How to extract data from distance matrix


I would like to determine the chemical diversity within a library, by calculating a self-similarity distance matrix (i.e. comparing all library members against all otthers), and then binning the simiarities into a histogram. This by itself is straightforward, by first calculating structural fingerprints (e.g. using RDKit nodes), followed by a Tanimoto distance matrix on the fingerprints.

However, the tricky bit is to extract from the distance column for each row the shortest distance. This would be straightforward if the Cell Splitter node could be used, but I see no way to convert the Distance column format into something else.

Coud this be done with a simple Java script?

Any suggestions greatly appreciated!

I think what you need is NOT the distance matrix node.

take the fingerprints as you mention, then use one of the fingerprint similarity nodes, available from Indigo and Erlwood community nodes.

in either of these nodes, connect your data set to both in ports, then choose Tanimoto for the distance type, and choose Max similarity (I.e. Min distance). 

Hope this helps


I think Simon is correct here. We also have a Similarity Search node in the KNIME core which is relatively new and may help as well.  In 2.9 we will have a distance matrix pair extractor which will doe what you are asking for in your original post. 

Regards, Aaron

Thx for the tips. I got the desired result with the Erl Wood Fingerprint Similarity node.

I also tried the Distance Matrix Similarity Search and the CDK Fingerprint Similarity nodes, but these give a maximum similarity of 1 for all rows (self-similarity of the matrix diagonal).

The results are -not surprisingly- highly dependent on the type of chemical fingerprints used.


i want to raise this subject again, and hope someone have an idea of how to deal with this:

i want to choose a diverse dataset ( cutoff of tanimoto=0.7) from a file, we used to use a script, but each time we have to prepare the files manually.

so if i used the nodes in Knime it makes it easier to the point that i have to choose my molecules, calculating fingerprints by CDK , if i use the  "fingerprint similarity" node it gives me the "average" for each molecule to the entire file, but this value dosn't say much !!

we used to compare a pairs of molecules, if they have a tanimoto>0.7 , we decide to delete the molecule that has more similarities with the entire file, simplly by suming the values of tanimoto for each, 

well, the qusetion is : how i do this filteration in knime??

any ideas ??


thanks alot:)



Well, if you want to pick a diverse set of cpds why not generate the fingerprints using RDKit or CDK or whatever your favourite fingerprint is and then use either;

RDKit Diversity Picker node which uses the MaxMin method to pick most diverse set. I have used this and compared it to other techniques. It works extremely well. 

Calculate distance matrix with distance matrix calculator node. Then use Score Erosion node. Again this works well and allows you to weight the molecules, such as in favour of drugable cpds if you have another column with a drugability score.
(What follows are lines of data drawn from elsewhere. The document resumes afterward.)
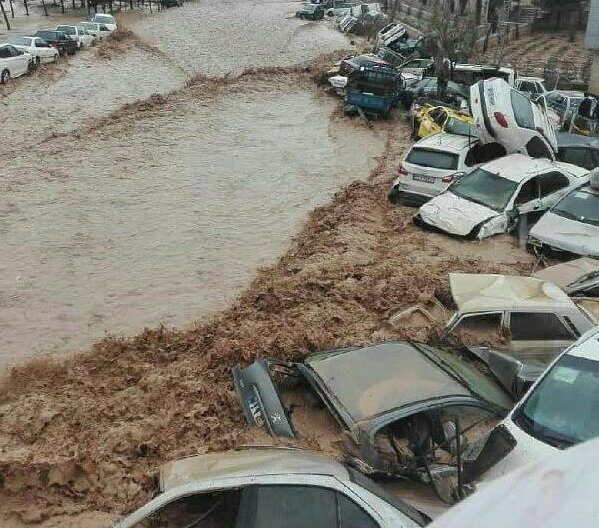 خسارت خودروهای سیل جنوب کشور از چه منبعی تامین و چگونه پرداخت می‌شود؟
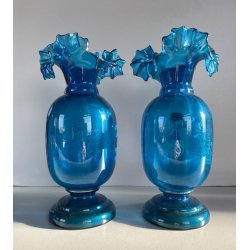 COPPIA VASI Mary Gregory VETRO TRASPARENTE BLU DECORO FIGURA SMALTO BIANCO 1880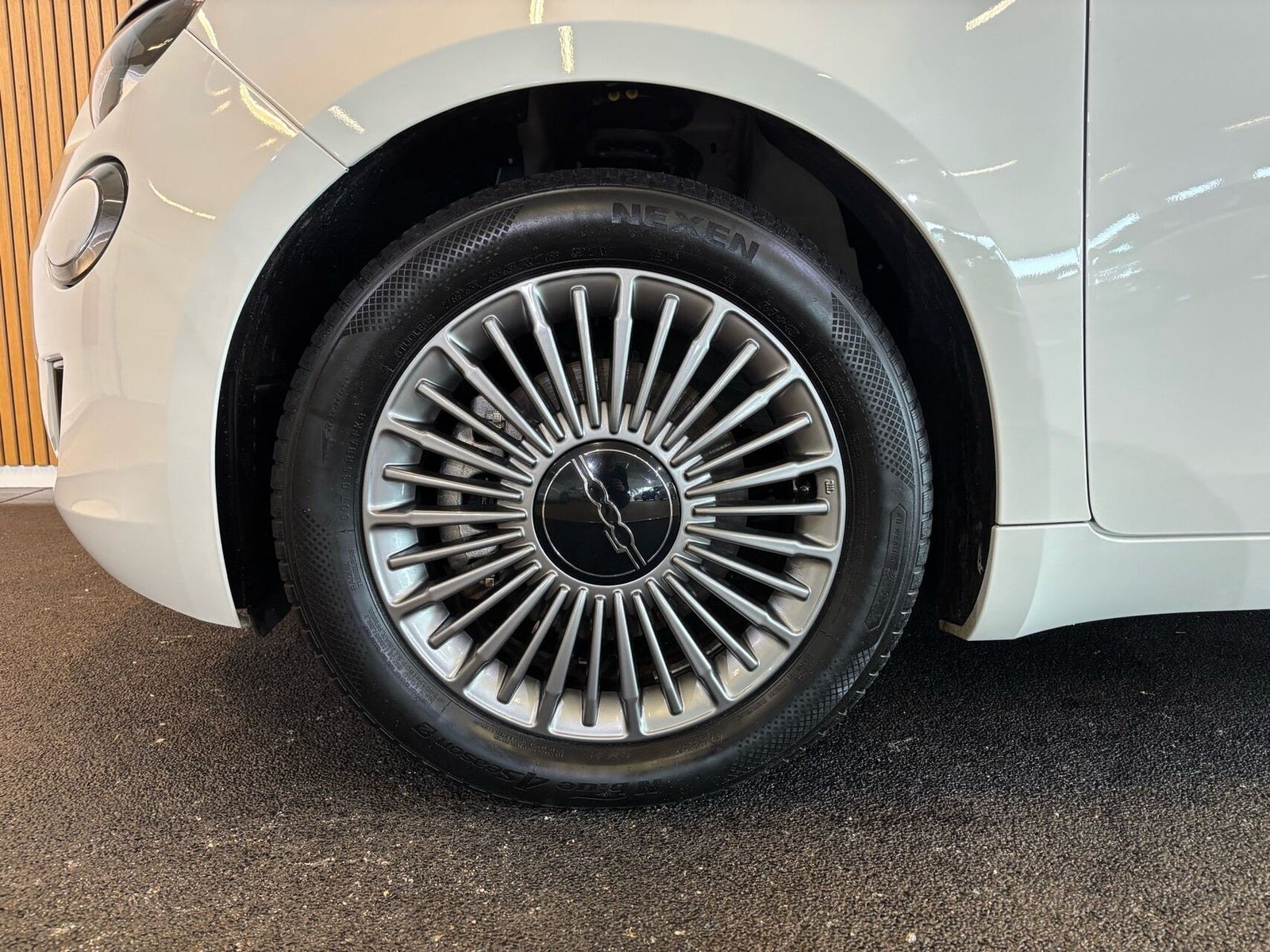 Hvid Fiat 500e fra 2023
in both options you choose a number of the set to be filtered, itsn't like a tanimoto cutoff!! if i have a set with 100 molecules and in the "Diversity Picker" i choose a 100 to pick it will give me all the 100, so what i did here!!

if i don't want to define a number, i just want it to calculate the difference and pick the most diverse, is there a way to do that?

** I want to choose my train set here, so i can't define a specific number for the set size!!

another issue, in distance matrix calculator node, how can i keep the molecule names when creating the matrix?